As this newsletter is being prepared, the inaugural school play has been performing. Moliere’s Tartuffe is being studied by the VCE theatre studies class and they have led the development of the performance under the direction of their teacher Mr William Donaldson. After producing our first musical last year, it is incredibly pleasing to now see a stage play being performed.
The philosophy of the school is focussed on producing ‘well rounded’ students; the Renaissance person. The culture of the school therefore needs to ensure that we offer a broad and diverse range of opportunities for our students. The play, along with the music programme, the musical, sport, co-curricular and the House system, all help build this broad and diverse culture that enhances the education of all the students.

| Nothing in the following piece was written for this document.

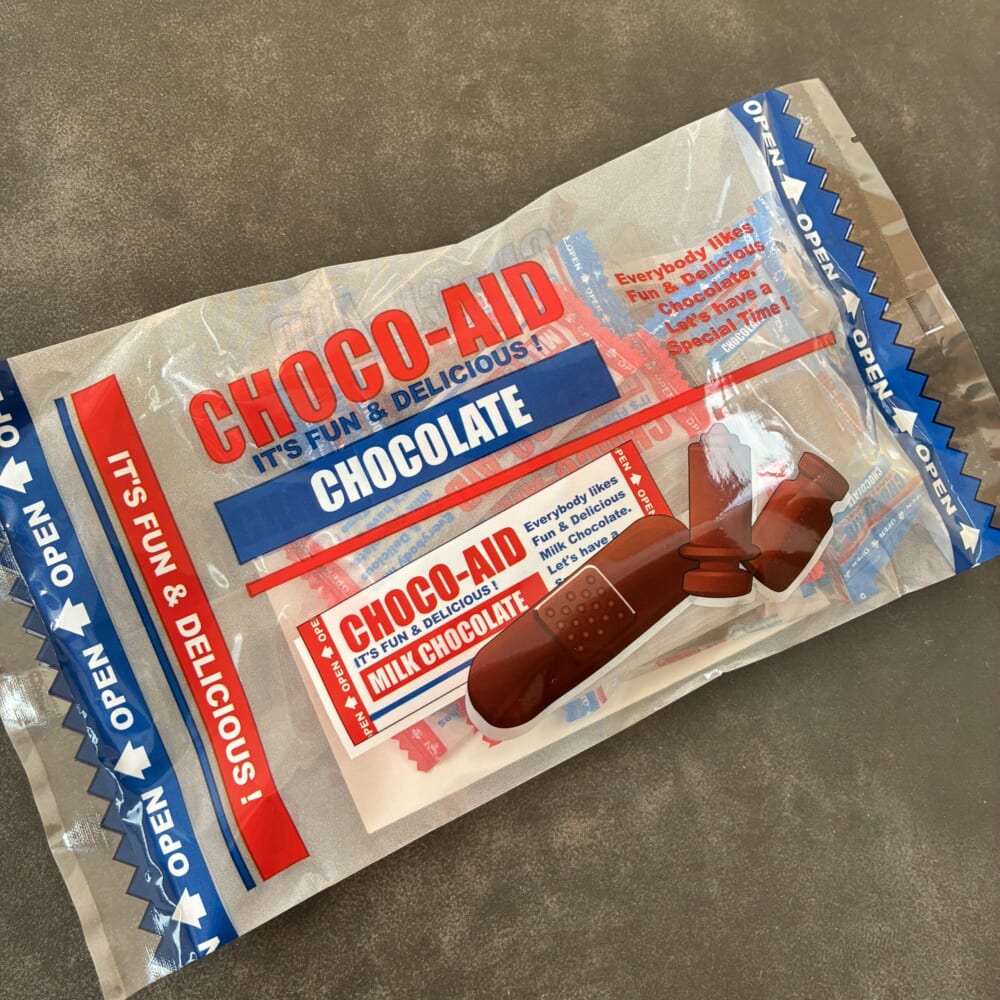 カルディ　チョコエイド　バレンタイン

I would like to thank the staff and students involved in the production of the play. In addition to Mr Donaldson, our set builder Dr David King; costumer Ms Martha Goodridge-Kelly; make-up artist Ms Piri Jakub von Szengelice; and technical specialist Mr Robin Czuchnowski. The time and effort they have committed to the production has been very much appreciated. I would also like to thank the members of the school community who have supported the efforts of the cast and crew by being in the audience. I look forward to next year’s production, as well as the school musical in Term 3 this year.
While the theatrical talent of the student body has been on display this week, there have been other notable achievements by our students. The Lions Club of Australia run a National Youth of the Year competition at which state, after an exhaustive selection process, is represented in a national competition. The Victorian representative this year was SCHS’ very own Joshua Cordina from Year 12. Just making it to the national final was an exceptional effort, and while he was not the ‘national winner’, Joshua was an outstanding candidate in the competition.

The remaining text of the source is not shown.